Saturday, August 10, 2013

Evil Comes In All Sizes


In 1989's PUPPETMASTER, four psychics show up at a palatial but empty hotel off the coast of northern California to pay homage to Neil Gallagher (Jimmie F. Skaggs), a deceased colleague. One is a Yale professor, Alex Whitaker, played by MELVIN AND HOWARD’s Paul LeMat, whose giant head is especially accentuated by his crazy hair.

Fifty years earlier, the hotel played host to Andre Toulon (PRIZZI'S HONOR's William Hickey), an elderly puppet maker who committed suicide before he could be captured by Nazis. He left behind his special toys—animated puppets that move about, climb on furniture, and kill the psychics and skeleton hotel crew in various creative and bloody ways.
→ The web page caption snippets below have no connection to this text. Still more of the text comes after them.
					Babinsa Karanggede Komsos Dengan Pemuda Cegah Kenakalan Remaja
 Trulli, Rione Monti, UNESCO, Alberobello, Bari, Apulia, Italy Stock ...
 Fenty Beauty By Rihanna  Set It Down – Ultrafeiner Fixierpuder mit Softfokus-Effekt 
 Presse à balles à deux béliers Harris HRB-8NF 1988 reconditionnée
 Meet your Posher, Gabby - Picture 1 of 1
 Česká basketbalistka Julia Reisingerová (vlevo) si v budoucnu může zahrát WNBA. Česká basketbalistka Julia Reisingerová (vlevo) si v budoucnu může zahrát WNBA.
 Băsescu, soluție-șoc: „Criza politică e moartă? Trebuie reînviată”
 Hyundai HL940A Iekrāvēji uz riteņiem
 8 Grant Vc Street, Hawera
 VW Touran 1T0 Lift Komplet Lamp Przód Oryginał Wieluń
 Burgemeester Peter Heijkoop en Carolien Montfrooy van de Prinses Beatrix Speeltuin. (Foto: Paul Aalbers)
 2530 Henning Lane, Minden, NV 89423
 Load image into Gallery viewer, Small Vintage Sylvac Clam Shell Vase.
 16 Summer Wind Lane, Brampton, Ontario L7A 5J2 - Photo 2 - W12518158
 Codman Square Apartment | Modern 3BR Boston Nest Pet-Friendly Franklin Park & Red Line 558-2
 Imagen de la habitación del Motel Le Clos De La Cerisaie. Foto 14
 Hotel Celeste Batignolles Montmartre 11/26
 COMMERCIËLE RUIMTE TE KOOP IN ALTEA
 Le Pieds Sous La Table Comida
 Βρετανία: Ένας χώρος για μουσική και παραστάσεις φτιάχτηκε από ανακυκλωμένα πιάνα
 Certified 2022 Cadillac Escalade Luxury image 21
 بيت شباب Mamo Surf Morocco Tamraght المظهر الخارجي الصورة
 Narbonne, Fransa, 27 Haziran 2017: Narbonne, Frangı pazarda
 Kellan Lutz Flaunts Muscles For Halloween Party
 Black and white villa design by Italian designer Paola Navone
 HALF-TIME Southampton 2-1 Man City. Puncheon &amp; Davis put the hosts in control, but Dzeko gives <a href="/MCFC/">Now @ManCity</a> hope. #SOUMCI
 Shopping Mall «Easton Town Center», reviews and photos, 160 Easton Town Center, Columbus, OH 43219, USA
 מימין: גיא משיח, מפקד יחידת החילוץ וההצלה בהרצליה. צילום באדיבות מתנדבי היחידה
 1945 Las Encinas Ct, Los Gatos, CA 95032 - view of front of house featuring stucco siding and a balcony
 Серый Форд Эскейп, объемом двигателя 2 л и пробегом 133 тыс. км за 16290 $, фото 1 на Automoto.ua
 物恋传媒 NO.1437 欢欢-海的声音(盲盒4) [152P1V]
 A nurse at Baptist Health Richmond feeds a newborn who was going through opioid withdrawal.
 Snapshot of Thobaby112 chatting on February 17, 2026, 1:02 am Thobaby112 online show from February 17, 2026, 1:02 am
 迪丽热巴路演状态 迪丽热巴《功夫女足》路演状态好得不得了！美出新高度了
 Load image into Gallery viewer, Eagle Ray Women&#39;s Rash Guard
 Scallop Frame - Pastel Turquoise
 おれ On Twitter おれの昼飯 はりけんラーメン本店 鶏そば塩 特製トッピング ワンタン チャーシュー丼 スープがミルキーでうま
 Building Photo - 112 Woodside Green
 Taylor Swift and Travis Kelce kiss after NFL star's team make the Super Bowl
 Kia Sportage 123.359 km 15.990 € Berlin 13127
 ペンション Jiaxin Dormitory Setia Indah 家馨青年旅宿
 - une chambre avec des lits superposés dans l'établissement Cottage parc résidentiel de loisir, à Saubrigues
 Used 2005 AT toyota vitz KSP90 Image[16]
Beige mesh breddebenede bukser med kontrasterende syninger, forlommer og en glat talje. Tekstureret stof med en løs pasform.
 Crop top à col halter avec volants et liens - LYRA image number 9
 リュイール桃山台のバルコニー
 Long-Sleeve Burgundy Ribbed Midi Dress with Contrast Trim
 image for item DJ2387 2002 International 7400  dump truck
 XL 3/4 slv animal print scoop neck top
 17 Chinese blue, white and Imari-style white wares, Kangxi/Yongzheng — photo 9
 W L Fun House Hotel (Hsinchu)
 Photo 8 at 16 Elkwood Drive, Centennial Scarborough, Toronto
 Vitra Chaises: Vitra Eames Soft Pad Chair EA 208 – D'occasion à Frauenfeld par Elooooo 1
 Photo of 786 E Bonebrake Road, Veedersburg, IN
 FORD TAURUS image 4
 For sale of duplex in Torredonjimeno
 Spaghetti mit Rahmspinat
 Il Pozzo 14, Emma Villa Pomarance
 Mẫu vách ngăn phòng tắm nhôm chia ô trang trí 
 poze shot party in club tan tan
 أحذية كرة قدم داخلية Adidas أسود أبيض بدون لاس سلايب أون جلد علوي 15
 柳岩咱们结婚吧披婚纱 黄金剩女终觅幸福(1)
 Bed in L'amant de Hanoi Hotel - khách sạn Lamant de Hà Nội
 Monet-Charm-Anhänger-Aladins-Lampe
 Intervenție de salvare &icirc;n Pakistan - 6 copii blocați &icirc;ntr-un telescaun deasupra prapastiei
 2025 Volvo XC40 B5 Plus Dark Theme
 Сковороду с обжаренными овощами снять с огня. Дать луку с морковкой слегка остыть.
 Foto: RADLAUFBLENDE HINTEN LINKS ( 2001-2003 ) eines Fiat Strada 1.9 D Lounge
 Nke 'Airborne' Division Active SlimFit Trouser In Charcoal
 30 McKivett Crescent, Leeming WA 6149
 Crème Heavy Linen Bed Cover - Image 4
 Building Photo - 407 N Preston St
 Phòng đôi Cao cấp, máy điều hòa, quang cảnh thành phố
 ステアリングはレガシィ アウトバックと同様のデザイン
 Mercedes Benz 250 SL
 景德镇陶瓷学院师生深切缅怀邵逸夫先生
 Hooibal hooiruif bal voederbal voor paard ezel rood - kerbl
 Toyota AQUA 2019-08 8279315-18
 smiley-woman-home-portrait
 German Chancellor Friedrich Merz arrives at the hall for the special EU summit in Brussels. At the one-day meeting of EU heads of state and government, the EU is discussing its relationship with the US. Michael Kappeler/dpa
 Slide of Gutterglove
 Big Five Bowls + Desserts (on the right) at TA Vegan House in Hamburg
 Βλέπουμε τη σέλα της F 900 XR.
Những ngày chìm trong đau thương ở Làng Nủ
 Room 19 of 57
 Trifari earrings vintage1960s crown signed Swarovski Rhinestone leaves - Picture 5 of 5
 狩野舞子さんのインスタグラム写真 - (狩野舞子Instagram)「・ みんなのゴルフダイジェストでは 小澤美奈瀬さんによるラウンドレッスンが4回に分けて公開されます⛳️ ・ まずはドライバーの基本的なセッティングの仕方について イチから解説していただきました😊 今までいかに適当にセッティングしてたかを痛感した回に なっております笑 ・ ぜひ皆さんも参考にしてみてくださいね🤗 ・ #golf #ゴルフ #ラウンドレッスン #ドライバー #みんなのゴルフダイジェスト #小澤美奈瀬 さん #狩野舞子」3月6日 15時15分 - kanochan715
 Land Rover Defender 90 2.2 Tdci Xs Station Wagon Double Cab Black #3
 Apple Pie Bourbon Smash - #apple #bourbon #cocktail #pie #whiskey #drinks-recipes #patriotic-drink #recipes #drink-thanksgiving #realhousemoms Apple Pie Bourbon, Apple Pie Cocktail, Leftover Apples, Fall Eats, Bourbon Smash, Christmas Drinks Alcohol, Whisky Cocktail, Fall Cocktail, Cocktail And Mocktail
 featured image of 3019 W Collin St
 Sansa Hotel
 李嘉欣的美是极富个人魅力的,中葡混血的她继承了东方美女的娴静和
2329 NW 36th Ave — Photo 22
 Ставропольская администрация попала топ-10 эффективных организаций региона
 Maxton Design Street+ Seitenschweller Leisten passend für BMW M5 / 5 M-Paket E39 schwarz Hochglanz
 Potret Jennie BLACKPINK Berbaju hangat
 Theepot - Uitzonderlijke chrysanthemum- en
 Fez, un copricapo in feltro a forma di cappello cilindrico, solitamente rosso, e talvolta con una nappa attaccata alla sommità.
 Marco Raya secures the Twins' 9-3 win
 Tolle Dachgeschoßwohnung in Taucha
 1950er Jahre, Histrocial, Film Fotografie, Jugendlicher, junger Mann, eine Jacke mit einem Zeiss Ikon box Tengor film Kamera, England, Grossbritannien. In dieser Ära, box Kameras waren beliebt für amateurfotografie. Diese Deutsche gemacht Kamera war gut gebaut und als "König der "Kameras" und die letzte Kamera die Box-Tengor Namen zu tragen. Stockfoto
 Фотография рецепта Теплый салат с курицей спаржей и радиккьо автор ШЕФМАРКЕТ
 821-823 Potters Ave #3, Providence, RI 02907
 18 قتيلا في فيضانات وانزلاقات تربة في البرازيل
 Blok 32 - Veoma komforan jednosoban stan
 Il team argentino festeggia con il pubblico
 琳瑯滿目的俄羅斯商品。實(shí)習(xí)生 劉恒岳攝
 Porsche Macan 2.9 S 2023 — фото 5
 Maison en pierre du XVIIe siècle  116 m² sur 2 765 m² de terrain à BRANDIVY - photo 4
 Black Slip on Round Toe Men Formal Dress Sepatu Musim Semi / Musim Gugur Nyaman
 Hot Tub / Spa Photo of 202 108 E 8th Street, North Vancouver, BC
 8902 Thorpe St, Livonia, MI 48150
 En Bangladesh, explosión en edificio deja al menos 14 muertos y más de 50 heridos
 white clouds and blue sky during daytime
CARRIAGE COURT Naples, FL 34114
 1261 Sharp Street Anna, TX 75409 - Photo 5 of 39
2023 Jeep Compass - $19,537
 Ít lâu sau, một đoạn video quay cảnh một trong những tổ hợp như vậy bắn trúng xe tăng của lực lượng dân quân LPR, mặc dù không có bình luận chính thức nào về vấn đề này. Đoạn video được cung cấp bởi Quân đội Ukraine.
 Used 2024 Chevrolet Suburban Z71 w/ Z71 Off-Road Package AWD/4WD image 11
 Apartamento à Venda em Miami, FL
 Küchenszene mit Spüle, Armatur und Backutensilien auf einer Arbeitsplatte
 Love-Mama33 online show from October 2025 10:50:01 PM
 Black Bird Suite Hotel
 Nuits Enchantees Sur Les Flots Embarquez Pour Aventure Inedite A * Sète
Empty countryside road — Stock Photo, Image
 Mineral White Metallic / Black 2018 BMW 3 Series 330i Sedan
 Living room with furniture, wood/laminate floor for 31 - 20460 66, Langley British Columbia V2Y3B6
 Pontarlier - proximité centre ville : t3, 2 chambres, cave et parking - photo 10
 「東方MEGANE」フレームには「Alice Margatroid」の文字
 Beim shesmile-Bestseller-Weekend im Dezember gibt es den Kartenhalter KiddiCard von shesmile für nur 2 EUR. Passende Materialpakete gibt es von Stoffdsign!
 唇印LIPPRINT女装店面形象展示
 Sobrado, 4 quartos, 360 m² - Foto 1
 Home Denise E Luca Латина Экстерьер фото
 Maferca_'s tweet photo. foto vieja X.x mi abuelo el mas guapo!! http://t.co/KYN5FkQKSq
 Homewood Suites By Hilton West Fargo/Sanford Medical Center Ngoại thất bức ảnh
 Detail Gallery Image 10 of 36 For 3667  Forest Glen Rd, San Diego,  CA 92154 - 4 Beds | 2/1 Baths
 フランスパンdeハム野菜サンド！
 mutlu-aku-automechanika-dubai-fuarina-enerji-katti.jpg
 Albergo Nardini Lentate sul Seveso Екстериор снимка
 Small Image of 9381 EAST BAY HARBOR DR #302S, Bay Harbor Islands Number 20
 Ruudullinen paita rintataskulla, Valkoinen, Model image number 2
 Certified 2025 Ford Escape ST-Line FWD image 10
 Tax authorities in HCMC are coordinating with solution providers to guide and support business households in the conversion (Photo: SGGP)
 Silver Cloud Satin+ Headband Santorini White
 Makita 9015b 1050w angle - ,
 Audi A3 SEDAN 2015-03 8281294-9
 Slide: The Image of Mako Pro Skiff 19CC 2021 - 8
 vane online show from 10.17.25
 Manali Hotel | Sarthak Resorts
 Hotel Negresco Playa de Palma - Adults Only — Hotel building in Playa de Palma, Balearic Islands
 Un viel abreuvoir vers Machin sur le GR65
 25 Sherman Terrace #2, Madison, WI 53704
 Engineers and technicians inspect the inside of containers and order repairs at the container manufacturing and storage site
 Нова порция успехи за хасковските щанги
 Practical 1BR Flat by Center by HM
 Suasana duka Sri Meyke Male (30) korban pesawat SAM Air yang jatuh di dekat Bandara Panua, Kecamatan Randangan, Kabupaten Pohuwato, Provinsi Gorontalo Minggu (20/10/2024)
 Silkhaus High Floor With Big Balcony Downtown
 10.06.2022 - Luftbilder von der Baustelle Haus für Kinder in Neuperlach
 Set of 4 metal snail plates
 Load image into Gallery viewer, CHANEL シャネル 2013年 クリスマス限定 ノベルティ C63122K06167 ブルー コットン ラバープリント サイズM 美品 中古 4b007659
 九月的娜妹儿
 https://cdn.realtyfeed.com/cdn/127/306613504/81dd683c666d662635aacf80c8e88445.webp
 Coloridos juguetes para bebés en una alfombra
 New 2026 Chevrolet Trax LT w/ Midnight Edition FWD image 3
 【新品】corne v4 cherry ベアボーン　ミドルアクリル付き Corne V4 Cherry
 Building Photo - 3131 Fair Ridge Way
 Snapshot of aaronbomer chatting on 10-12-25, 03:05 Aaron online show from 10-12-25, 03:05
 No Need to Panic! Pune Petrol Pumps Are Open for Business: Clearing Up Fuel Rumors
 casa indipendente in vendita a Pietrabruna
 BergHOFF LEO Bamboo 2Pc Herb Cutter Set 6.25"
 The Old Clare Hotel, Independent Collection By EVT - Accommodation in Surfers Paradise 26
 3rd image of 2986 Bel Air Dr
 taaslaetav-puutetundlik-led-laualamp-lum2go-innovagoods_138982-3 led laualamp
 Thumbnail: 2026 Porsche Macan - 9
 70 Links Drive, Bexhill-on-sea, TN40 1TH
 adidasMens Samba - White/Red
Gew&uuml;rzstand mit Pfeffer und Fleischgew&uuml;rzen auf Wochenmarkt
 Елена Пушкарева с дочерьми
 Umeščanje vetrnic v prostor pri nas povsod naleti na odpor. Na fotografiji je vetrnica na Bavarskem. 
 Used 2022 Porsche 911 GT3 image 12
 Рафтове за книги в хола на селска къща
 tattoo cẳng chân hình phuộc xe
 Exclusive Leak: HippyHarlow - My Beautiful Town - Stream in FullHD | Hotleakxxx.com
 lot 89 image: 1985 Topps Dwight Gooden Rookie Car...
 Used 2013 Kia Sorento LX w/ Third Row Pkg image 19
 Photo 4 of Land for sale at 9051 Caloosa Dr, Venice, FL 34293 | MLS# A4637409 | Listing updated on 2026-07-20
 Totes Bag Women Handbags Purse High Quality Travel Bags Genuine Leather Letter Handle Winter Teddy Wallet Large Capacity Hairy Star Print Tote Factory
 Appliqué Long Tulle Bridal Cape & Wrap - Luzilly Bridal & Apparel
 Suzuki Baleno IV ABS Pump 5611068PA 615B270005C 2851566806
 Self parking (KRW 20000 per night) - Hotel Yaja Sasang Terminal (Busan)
But not in very exciting ways, which is PUPPETMASTER’s big problem. It’s boring and very slowly paced by director David Schmoeller, who did a better job bringing mannequins to life in TOURIST TRAP. Schmoeller, who also wrote the film, seems unaware how unlikable his human characters are, wasting valuable screen time on uninteresting flashbacks and dream sequences that could have been given to David Allen’s unusual killer puppets. One appears to be a Japanese kabuki girl who regurgitates leeches. Even given the fantastic nature of the creations, that one doesn’t seem to hold water. Others include a fat puppet with a tiny pinhead that punches women in the face and a sublimely creepy white-faced doll with blades for hands. David Allen (THE HOWLING) uses a deft mixture of stop-motion animation and regular rod puppets with decent success.

It isn’t really until the last half-hour or so, when Schmoeller (THE SEDUCTION) finally gives the puppets (and Allen) license to go crazy, that PUPPETMASTER starts to get lively. Even then, it’s difficult to take the little fellas too seriously as threats, as illustrated during Irene Miracle’s repeated defense against the punching puppet by grabbing it and throwing it against the wall or down stairs.

Given a few exclusive theatrical playdates by executive producer Charles Band, PUPPETMASTER was the first of Band’s Full Moon productions to be released. As unworthy as it is, it has spawned ten (!) sequels, including one that Band has disowned: PUPPET MASTER VS. DEMONIC TOYS.

1 comment:

Anonymous said...

"Others include a fat puppet with a tiny pinhead that punches women in the face and a sublimely creepy white-faced doll with blades for hands."

You really seem to have some kind of neurosis regarding dominant white men. I've had enough of this self-hating PC idiocy. Unsubscribe.